Cinema, short for cinematography, is often used to refer to the industry of films and filmmaking or to the art of filmmaking itself. The contemporary definition of cinema is the art of simulating experiences to communicate ideas, stories, perceptions, feelings, beauty or atmosphere.
Out of the Past by Jacques Tourneur is one of my all time high movies, which are inspiring my artwork.
The coolness of Robert Michum: Celluloid dipped sensebility on the way to his own hell. In 1948, he, along with actress Lila Leeds, was arrested for possession of marijuana. The arrest was the result of a sting operation designed to capture other Hollywood partiers, as well, but Mitchum and Leeds didn’t receive the tip-off. Mitchum spent 60 days in the local lock-up, with Life magazine right there snapping photos of him mopping up in his prison uniform. The arrest became the inspiration for the later film “She Shoulda Said ‘No’!”, which starred Leeds.
The quintessential classic film noir masterpiece, a definitive flashback film of melodramatic doom, contains all the elements of the genre. First and foremost, there is an irresistible but deadly, chameleon-like femme fatale, the object of romantic fascination for both a detective and a gangster. Betrayal, passion, and a cynical, perverse, and a morally ambiguous atmosphere are all interwoven and entangled together in a confusing and convoluted dark plot with both double- and triple-crosses. Eventually, all three individuals meet their inescapable, tragic ends typical of a Shakespearean-level tragedy.

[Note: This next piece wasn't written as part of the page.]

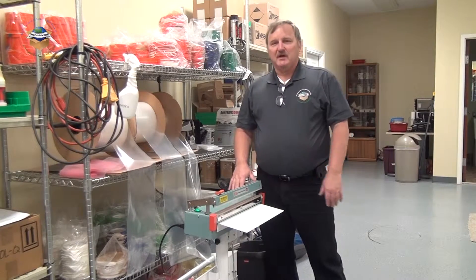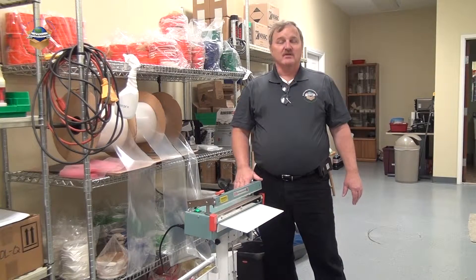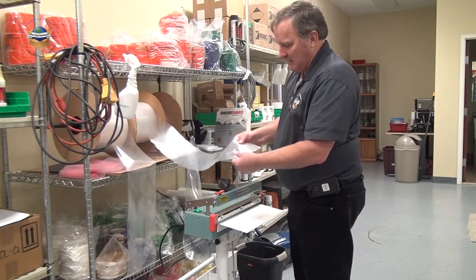One of the advantages that we have when we sell packaging equipment is sometimes we can do special projects on the side. One of those projects is I'm going to seal up some sandwiches and I'm going to use some 4mm poly tube.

Out of the Past is featured at the Time magazine’s Top 100 movies: It has the smartest dialogue and the most persuasively labyrinthine plot of any film noir. And Robert Mitchum gives a great performance as the tough, laconic guy in a trench coat, undone by his love for–or is it merely sexual obsession with?–Jane Greer’s scheming bitch-goddess.
In the little town of Bridgeport, California, Jeff Bailey runs a gas station with the assistance of a mute boy, Jimmy, and courts Ann. Joe Stefanos drives into town and informs Jeff that Whit Sterlin and a racketeer, wants to see him. Jeff relates his life’s story to Ann as they drive to Sterling’s Lake Tahoe mansion. As a private detective named Jeff Markham, he was hired to find Sterling’s mistress, Kathie Moffett, who had shot Sterling and escaped with $40,000.